We are ambassadors for Christ, not his council (2 Cor. 5:20).
I have bitten my tongue a lot through this extended campaign season, but this kind of rhetoric amounts to the highest form of treason against the Name of the Living God. Vanity of vanities: Jesus Christ is not lord elect. The Kingdom of God is not the flag of the Church for which it stands, because it is not a republic–of the people, by the people, and for the people. The kingdom of God is a kingdom–of God, by God, and for God–precisely because it is a ‘kingdom’ and it is ‘of God’, for the God who happens to be for us. And “us” includes every conceivable “them” on the other side of every arbitrarily conceived wall, because the Incarnation of Christ means that every line has been crossed in order “break down the dividing wall of hostility” (Eph. 2:14) by establishing a kingdom built on the foundation of a cross, from which the King opens the door first for his enemies: “Father, forgive them…” (Lk. 23:34). Indeed, “while we were enemies, we were reconciled to God through the death of his Son” (Rom. 5:10), so that “in Christ God was reconciling the world to himself, not counting their trespasses against them, and entrusting to us the ministry of reconciliation” (2 Cor. 5:18-19), which is quite unlike the ministry of defense.
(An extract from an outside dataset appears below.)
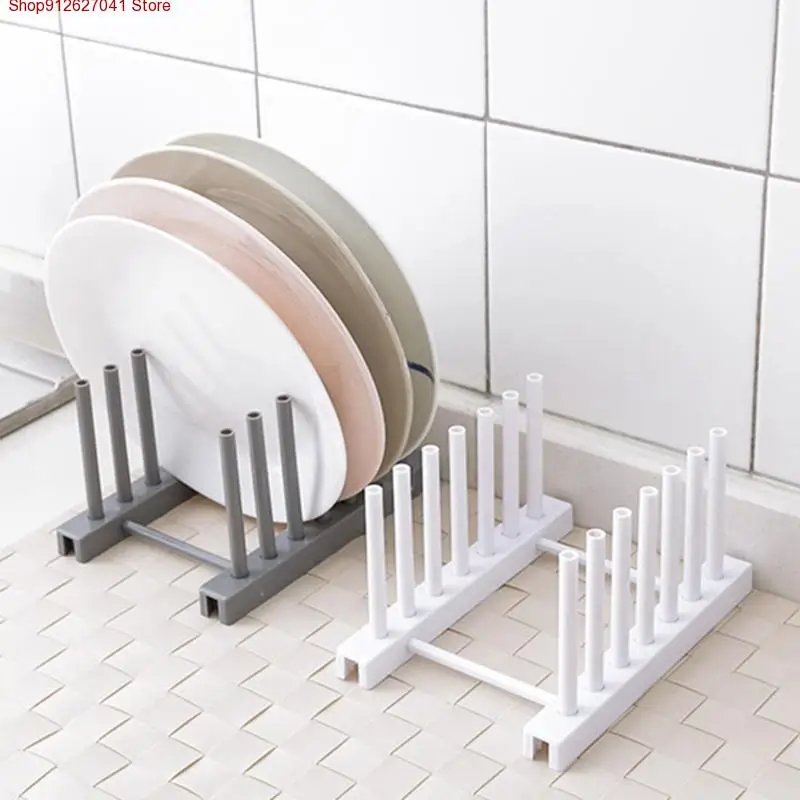 

Creative Dish Plate Drain Rack Kitchen Tableware Drying Storage Tray Holder Multifunctional Cup Dish Storage Rack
There are times when the we must make a choice between the greater of the goods, and there are times we must make a choice between the lesser of the evils. But there is never a time we must choose between human power and the power of the living God. For the cross-bearing Church of Jesus Christ, those two powers flow in geometrically and diametrically opposite directions. There is a way up and there is a way down, and never the twain shall meet. Those who humble themselves will be exalted and those who exalt themselves will be humbled.
If as a Christian there is any doubt in your mind whether the gates of hell will prevail against the Church of Jesus Christ–and I mean this with absolute sincerity and say it in reverence and out of love–it would be best for you to walk away from the Church until you see it for what it truly is. For Christ’s sake, whatever you do, please do not try to defend it by seeking power alliances. For if it is not founded upon, sustained by, and advancing through the living God himself, then it is nothing but a farce and Christians are “most to be pitied” (1 Cor. 15:19). The last thing this world needs is fearful “Christians” playing around as though the Living God were not Sovereign, as though he were dead just because we killed him (Acts 3:15), as though fear were not the exact opposite direction of faith. The world will never see Christ in us until we demonstrate the courage to lose, until we exercise the power to stop seeking power, until the cross begins looking more like an open invitation than a decorated shield.
Put down your sword (Mt. 26:25). Take up your cross (Mt. 16:24).
“Blessed are those who are persecuted for righteousness’ sake, for theirs is the kingdom of heaven.”